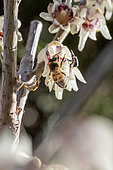 Abeille à miel (Apis mellifera) butinant une fleur de Chimonanthe précoce (Chimonanthus praecox) en décembre, Gers, France. Présence également d'une mouche floricole, Stomorhina lunata.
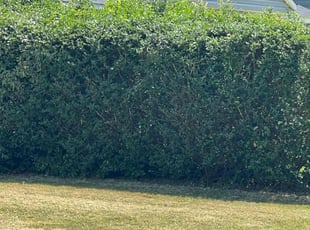Bush Trimming by Jesse Hill for Imperis W. in Norfolk, VA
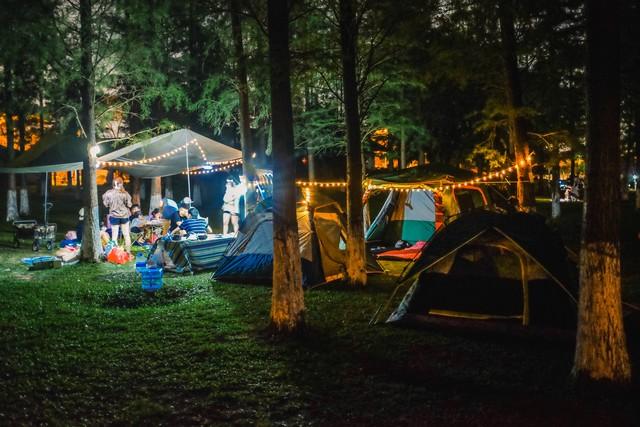 自驾找免费露营地难？2个APP实测：精准定位能看差评，亲测避坑！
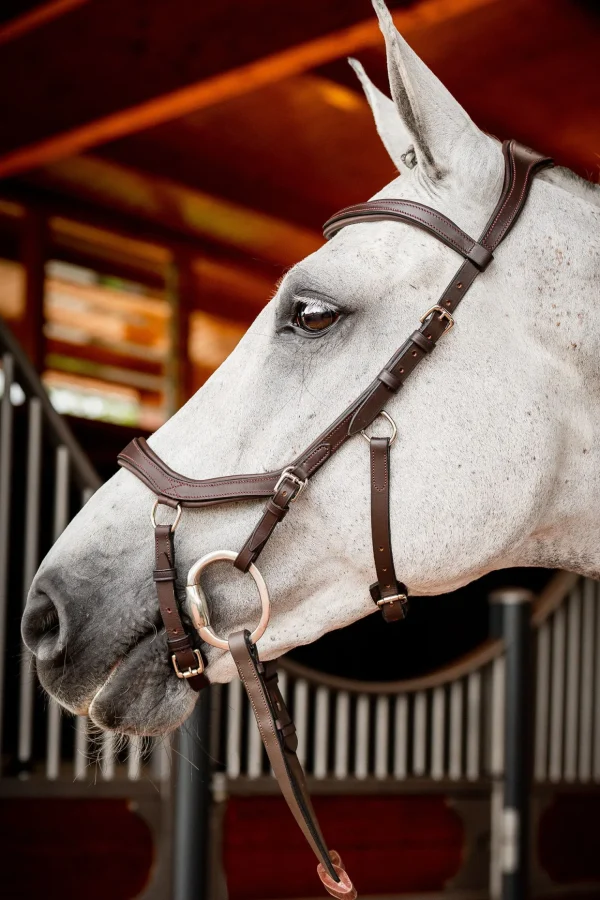 horseware Micklem 2 Competition hodelag med gummitøyler* Ponni Hodelag Og Grimer | Hodelag & Nesereimer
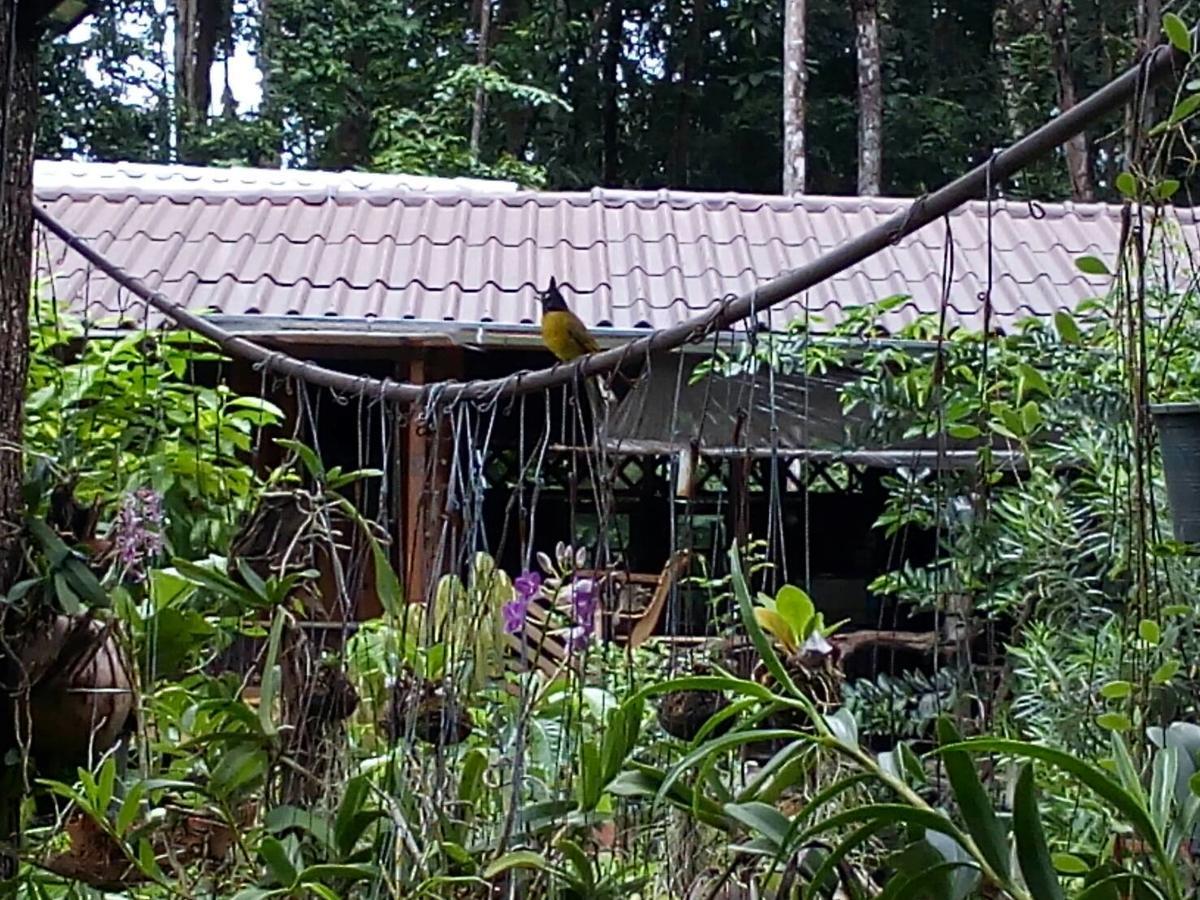 Koh Kood Little Hut Otel Ko Kut Dış mekan fotoğraf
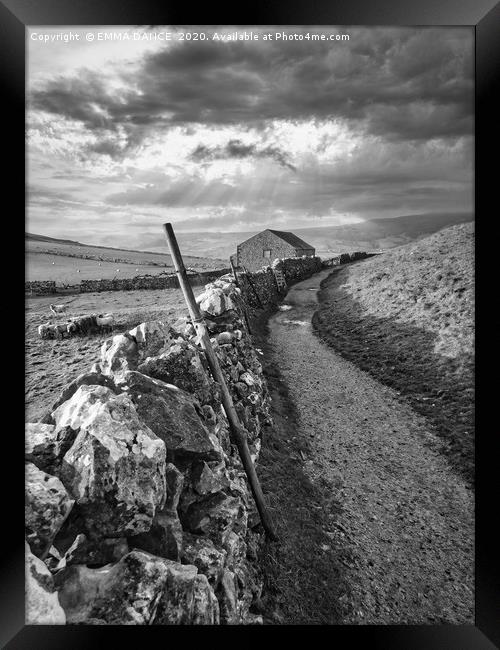 Walking in the Yorkshire Dales Framed Print by EMMA DANCE PHOTOGRAPHY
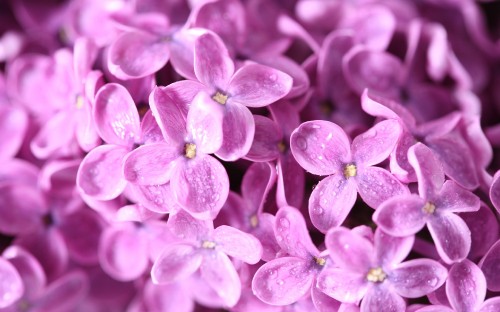 Image purple flower buds in macro shot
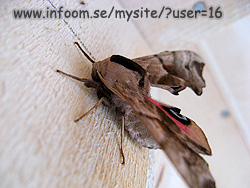 Name: moth.jpg  Width: 250px  Height: 188px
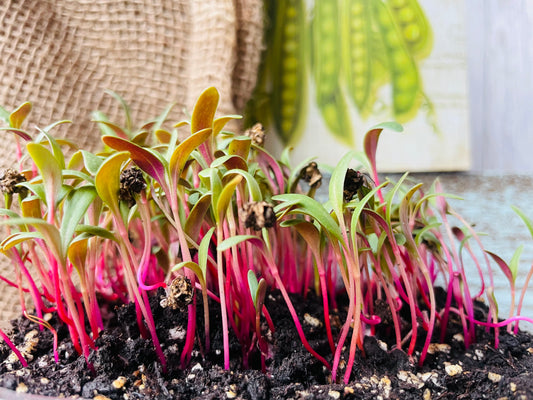 Rainbow Chard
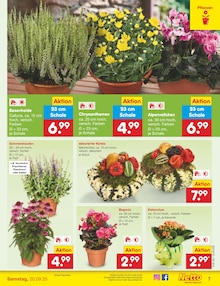 Kürbis im aktuellen Netto Marken-Discount Prospekt (Chemnitz) Kürbis im Netto Marken-Discount Prospekt "Aktuelle Angebote" mit 51 Seiten (Chemnitz)
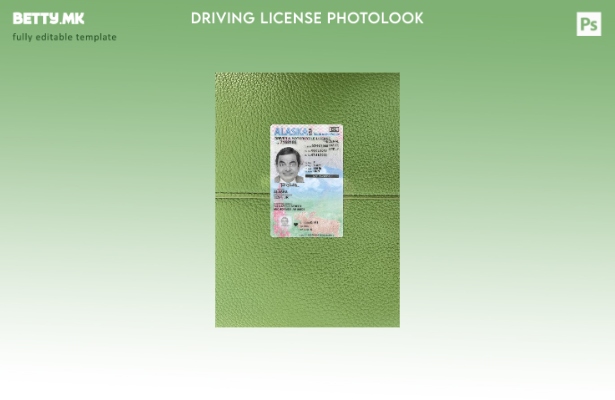 модерен стил САД Алјаска под шаблон за фото изглед на возачка дозвола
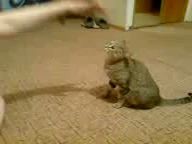 Достала кошку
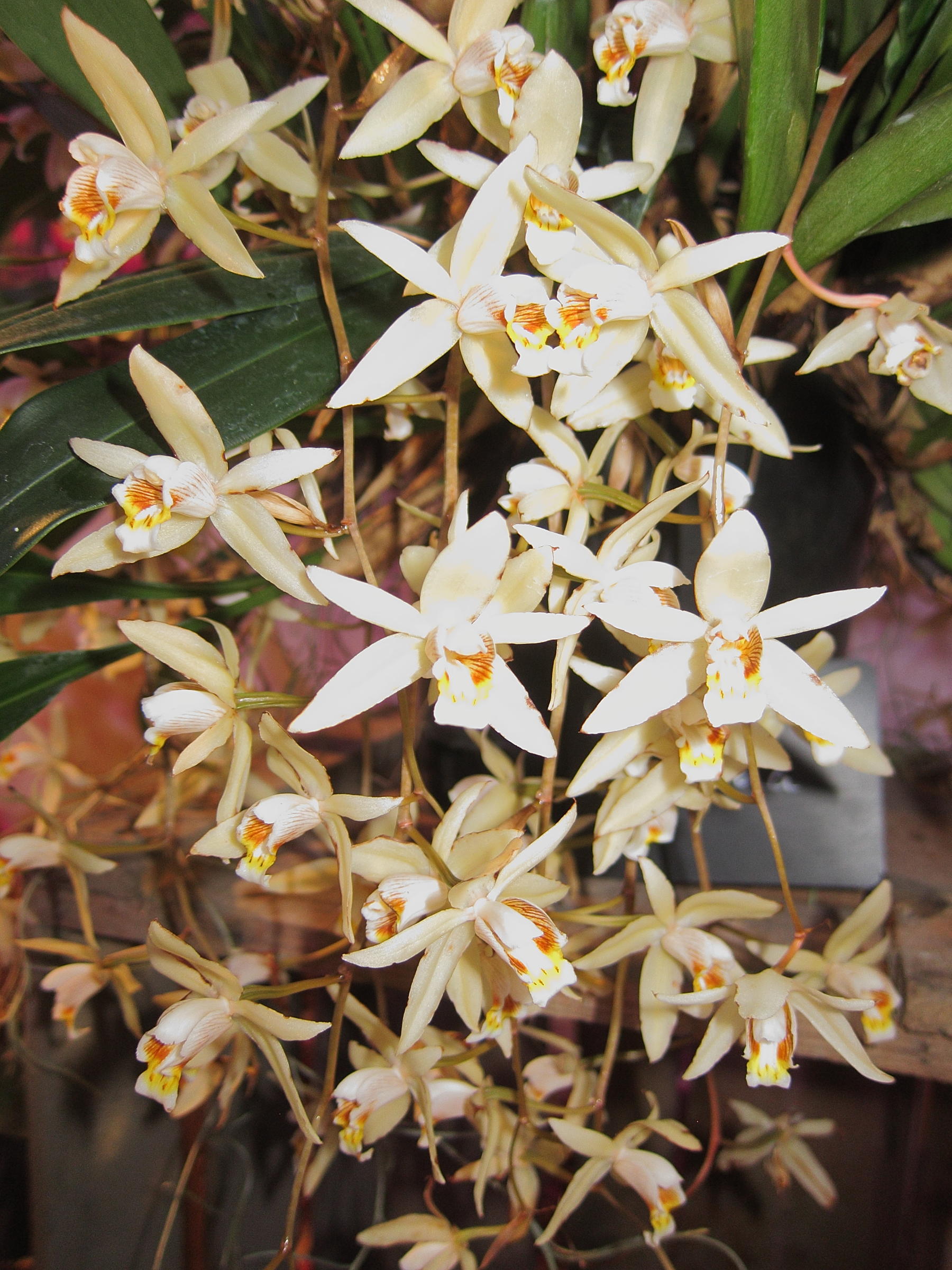 coelogyne_flaccida3bd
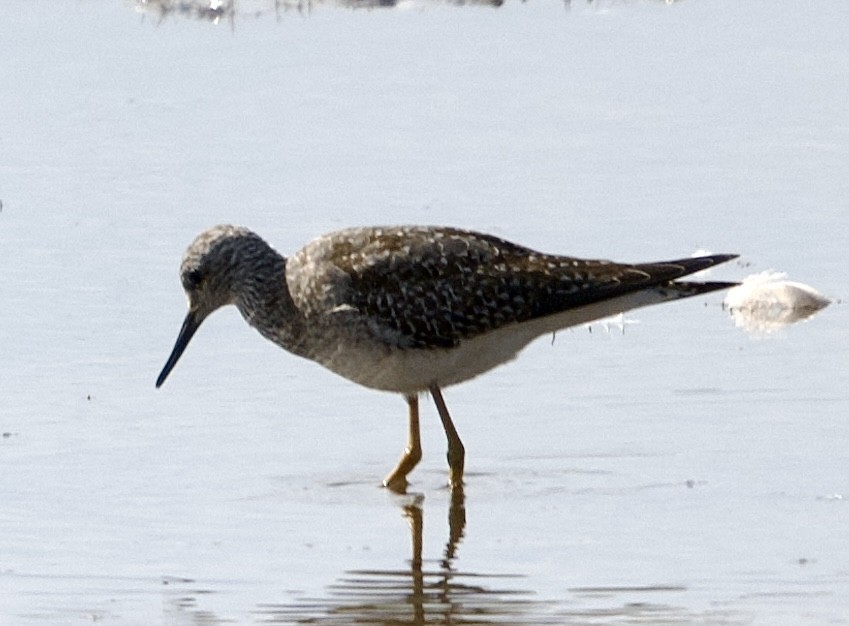 vodouš žlutonohý - ML643728518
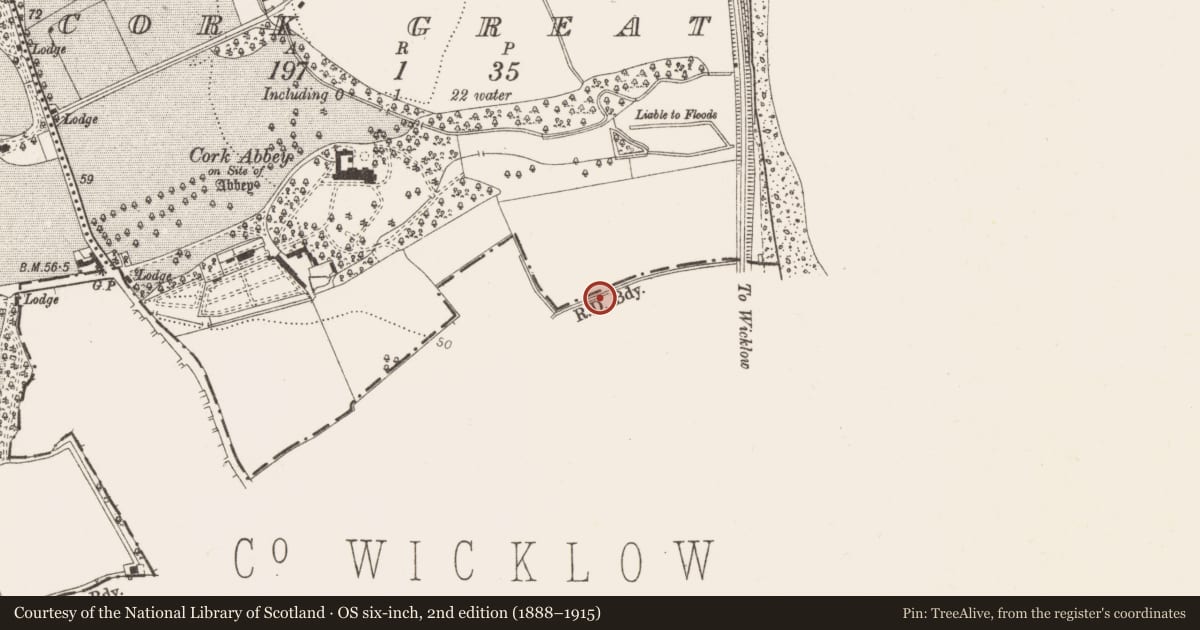 Ordnance Survey six-inch map, 2nd edition (1888–1915) covering the location of Linear earthwork, Ravenswell, County Wicklow, with a pin at the register's coordinates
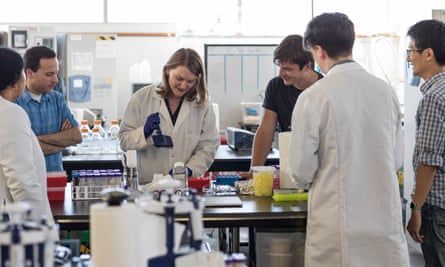 Josh Tetrick (in black T-shirt) in the Hampton Creek lab with members of his ‘clean meat’ team.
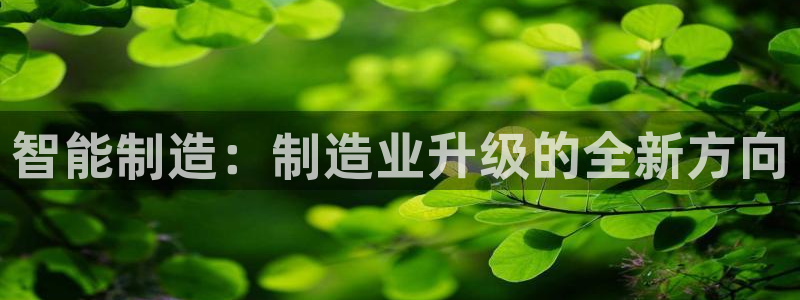 星娱乐online欧弟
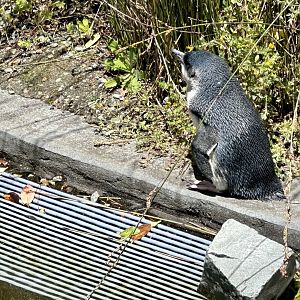 Little blue penguin (Eudyptula minor)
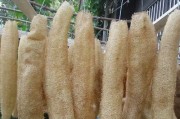 丝瓜烙，清爽夏日美食（以丝瓜为主角的健康料理，让你吃出清凉）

### TASK OBJECTIVE
Give back the full listing exactly as written, only without its pictures.

### TASK OUTPUT
 Abeille à miel (Apis mellifera) butinant une fleur de Chimonanthe précoce (Chimonanthus praecox) en décembre, Gers, France. Présence également d'une mouche floricole, Stomorhina lunata.
Bush Trimming by Jesse Hill for Imperis W. in Norfolk, VA
 自驾找免费露营地难？2个APP实测：精准定位能看差评，亲测避坑！
 horseware Micklem 2 Competition hodelag med gummitøyler* Ponni Hodelag Og Grimer | Hodelag & Nesereimer
 Koh Kood Little Hut Otel Ko Kut Dış mekan fotoğraf
 Walking in the Yorkshire Dales Framed Print by EMMA DANCE PHOTOGRAPHY
 Image purple flower buds in macro shot
 Name: moth.jpg  Width: 250px  Height: 188px
 Rainbow Chard
 Kürbis im aktuellen Netto Marken-Discount Prospekt (Chemnitz) Kürbis im Netto Marken-Discount Prospekt "Aktuelle Angebote" mit 51 Seiten (Chemnitz)
 модерен стил САД Алјаска под шаблон за фото изглед на возачка дозвола
 Достала кошку
 coelogyne_flaccida3bd
 vodouš žlutonohý - ML643728518
 Ordnance Survey six-inch map, 2nd edition (1888–1915) covering the location of Linear earthwork, Ravenswell, County Wicklow, with a pin at the register's coordinates
 Josh Tetrick (in black T-shirt) in the Hampton Creek lab with members of his ‘clean meat’ team.
 星娱乐online欧弟
 Little blue penguin (Eudyptula minor)
 丝瓜烙，清爽夏日美食（以丝瓜为主角的健康料理，让你吃出清凉）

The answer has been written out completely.